By this time local passenger traffic (and the ordinary goods business) had been hard hit by road competition. Ordinary passenger services from Mansfield to Codnor Park and Pye Bridge had been withdrawn on 10 September 1951, although a workmen's service from Kirkby to Nottingham continued until 6 September 1965. On 12 October 1964 the Leen Valley passenger trains between Nottingham and Mansfield were withdrawn. In June 1975 all goods facilities at Mansfield were withdrawn, so that the local rail network was entirely dependent on coal traffic. The Midland Railway Leen Valley route had already been severed between Kirkby in Ashfield and Annesley on 11 October 1970.

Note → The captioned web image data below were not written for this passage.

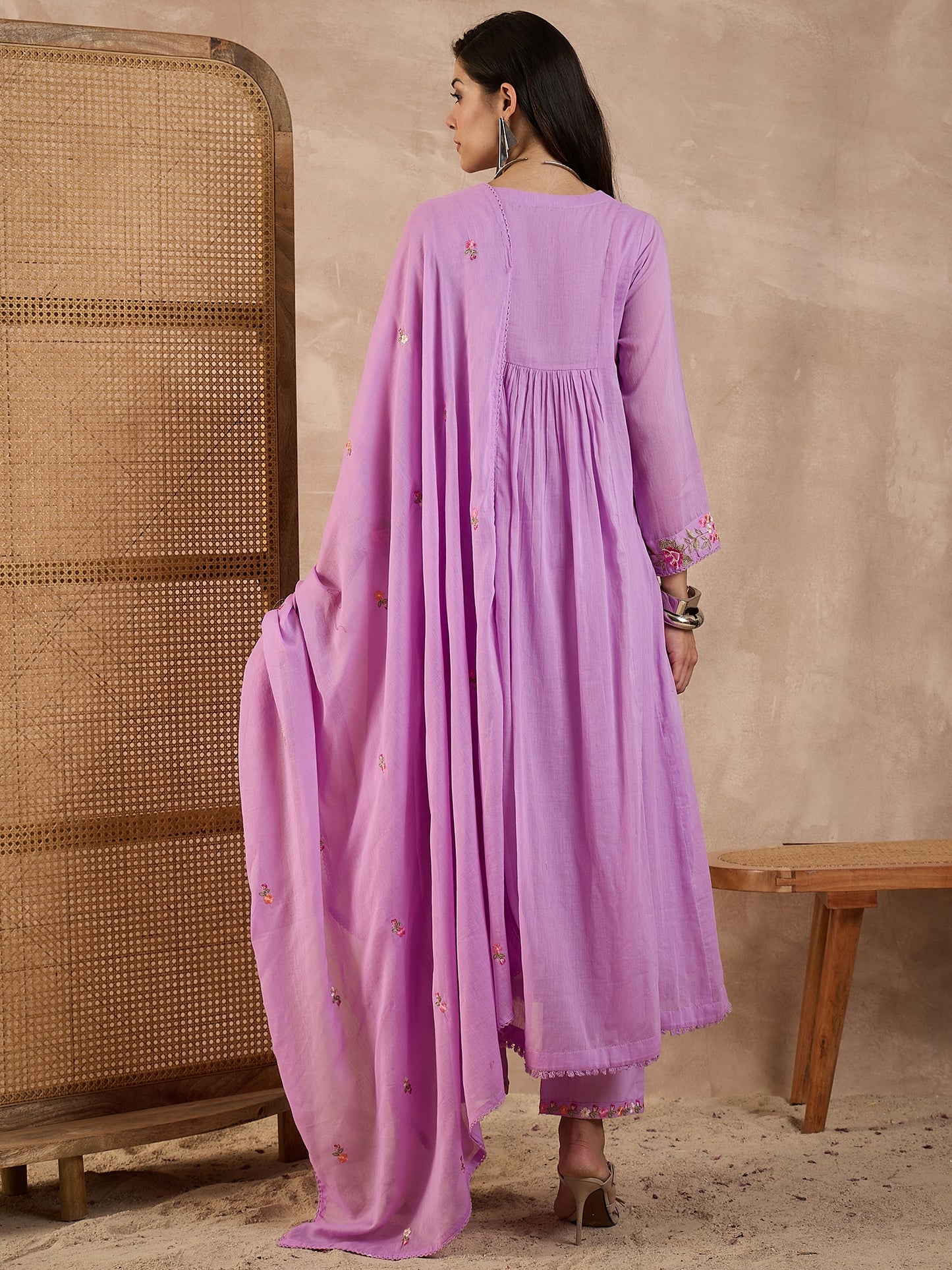Floral Embroidered Pleated Thread Work A-Line Kurta With Trousers & Dupatta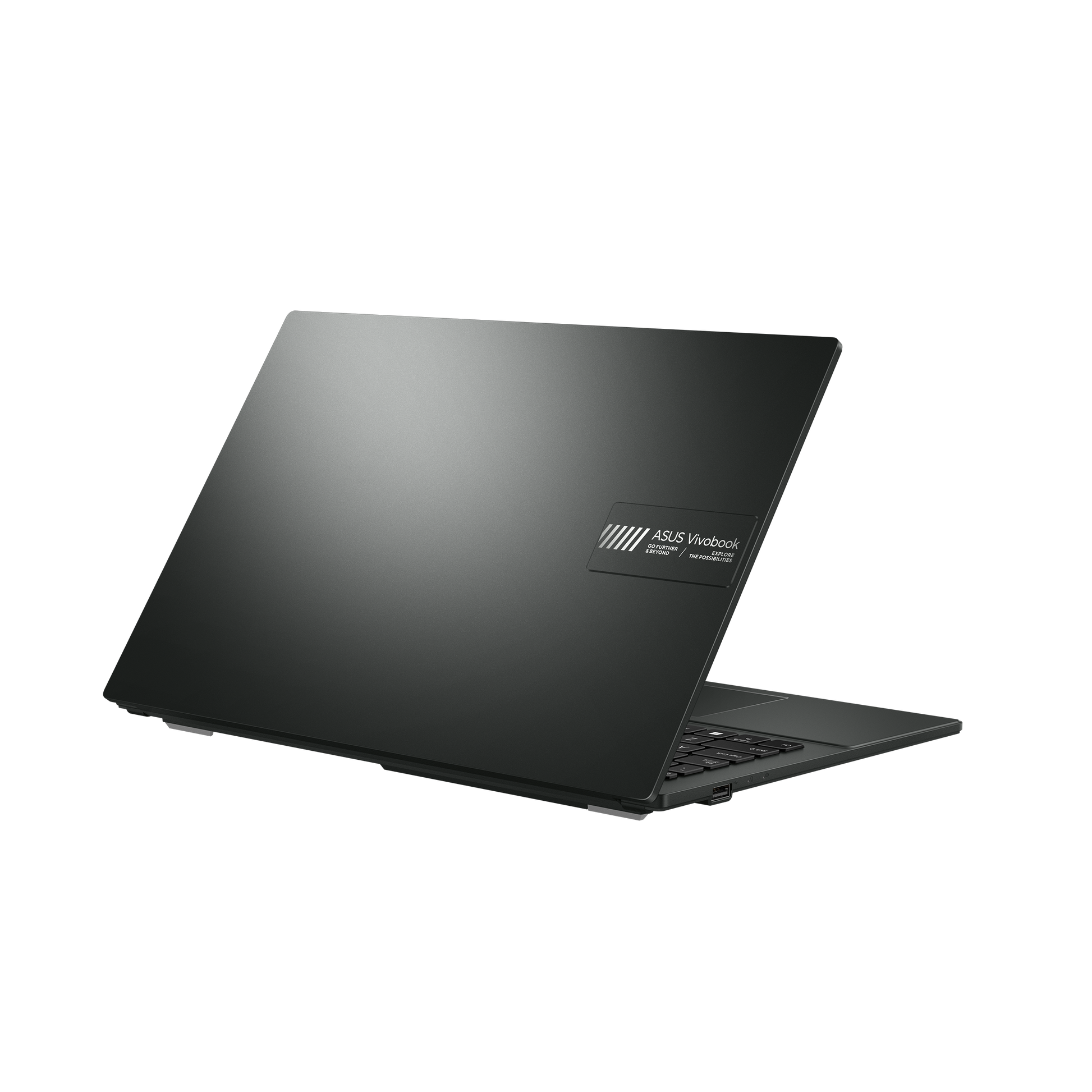 Black laptop with a visible brand logo on a white background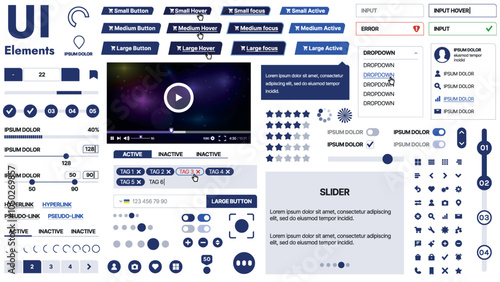 A clean and responsive template with UI elements, menu, icons, and checkboxes; ideal for a business or social media page. Horizontal layout with simple shapes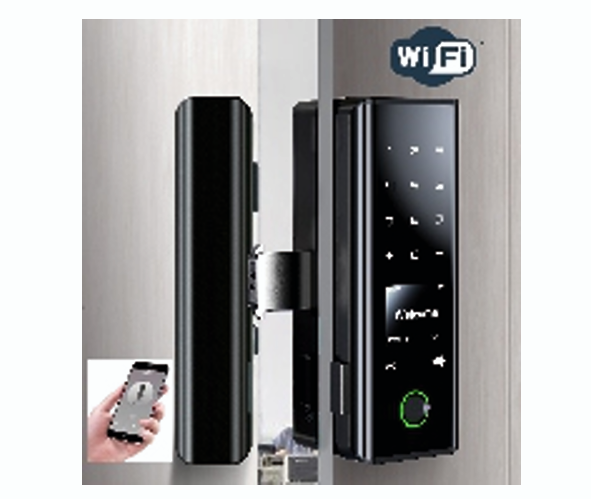 SMART LOCKS-WiFi Series B2 Smart Biometric Wooden  Door Lock With Finger print + RFid +  passcode + mechanical key (Slim Looking  Hook Type latch Lock For Double Door  Type Application Or Slidder Doors Or  30mm Door)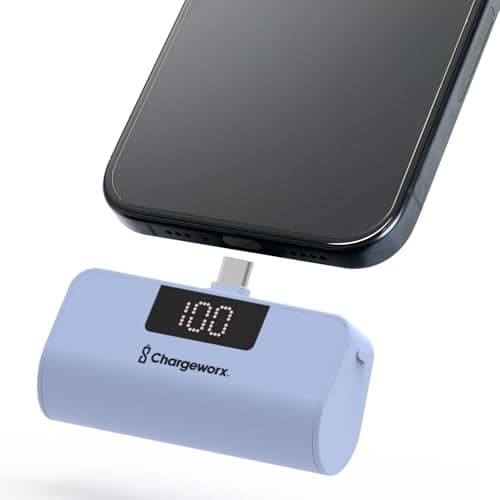 CHARGEWORX Mini Portable Charger Power Bank with Built-in USB-C Connector, Compact 5,000 mAh Power Bank with Fast-Charge Dual Output, Pass-Through Charging, LCD Display for Battery Status, Coral Blue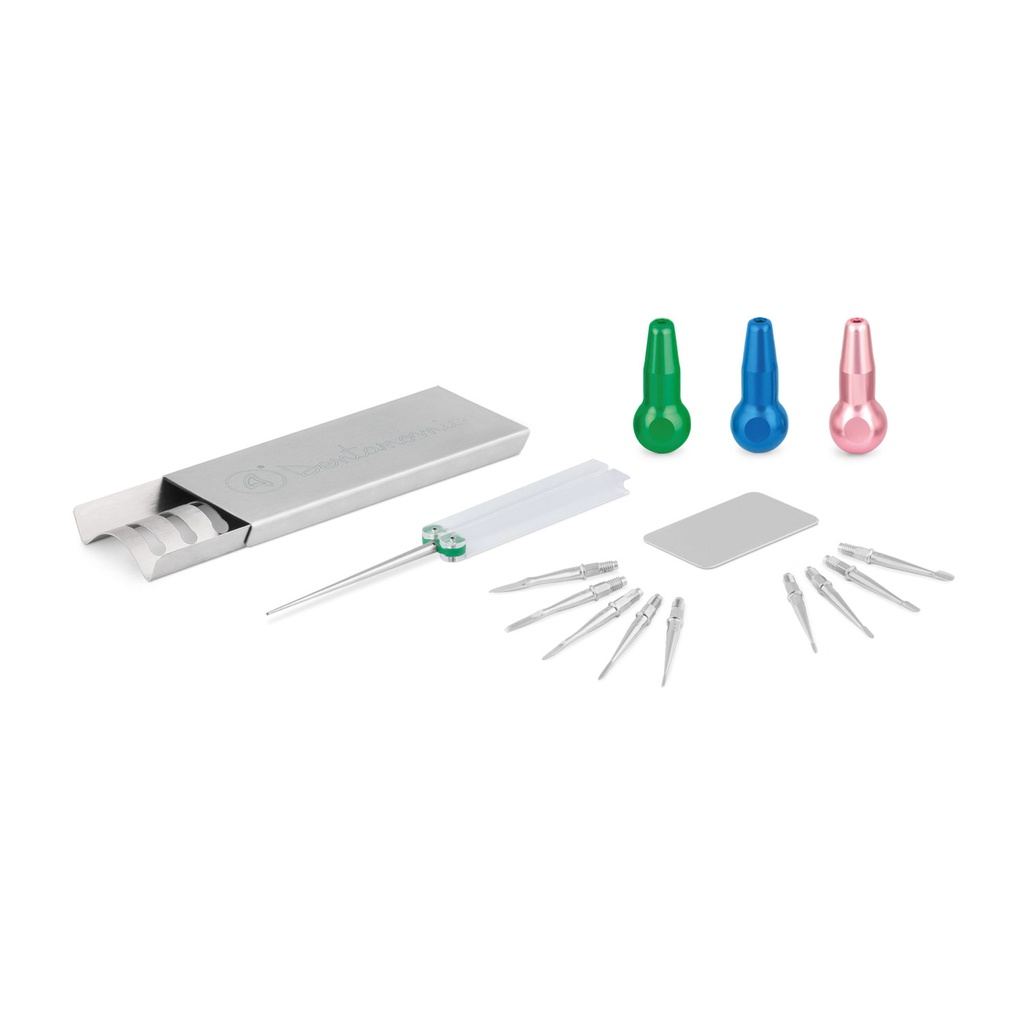 DENTANOMIC Set - Silver, consisting of 3 long handles (green, blue and pink) + a set of elevator and luxator blades (9 pieces) + storage stand + honing set
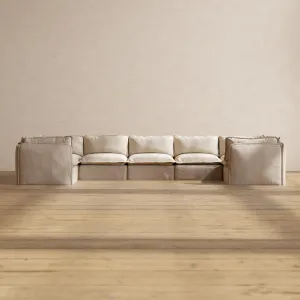 Modular Performance 7-Seater U-Sectional in Oat | Deluxe Blend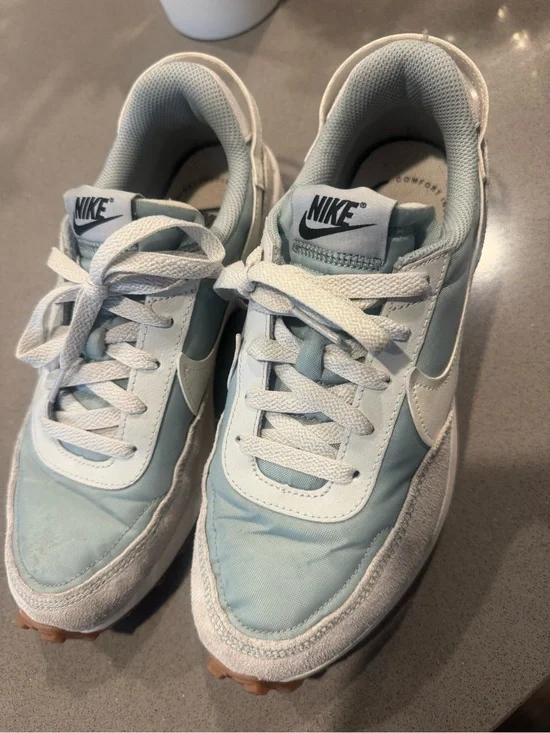 Nike Pale Blue and White Low-Top Sneakers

==Passenger trains reinstated==

A body of opinion developed in favour of funding reinstatement of the Leen Valley services to Mansfield, and the British Railways Act 1990 (c. xxv) authorising the Newstead - Kirkby link was passed on 26 July 1990; the term 'Robin Hood Line' was adopted. A Nottingham - Newstead passenger service began on 17 May 1993. In 1994 work started on reinstating the link at Kirkby tunnel, and passenger services from Nottingham to Mansfield Woodhouse started operation on 20 November 1995; the service was later extended to Worksop.

The trains ran over the alignment of the Mansfield and Pinxton Railway as modified by the Midland Railway, between Kirkby and Mansfield. The line from Codnor Park is in use for mineral traffic, and uses the M&PR route from Pinxton.

==Bi-centennial celebration==
In 2019, the town of Mansfield celebrated 200 years since the opening of the railway with a procession into the town centre involving 90 participants, with some in period costume. The celebrations were partially supported by a Heritage Fund grant.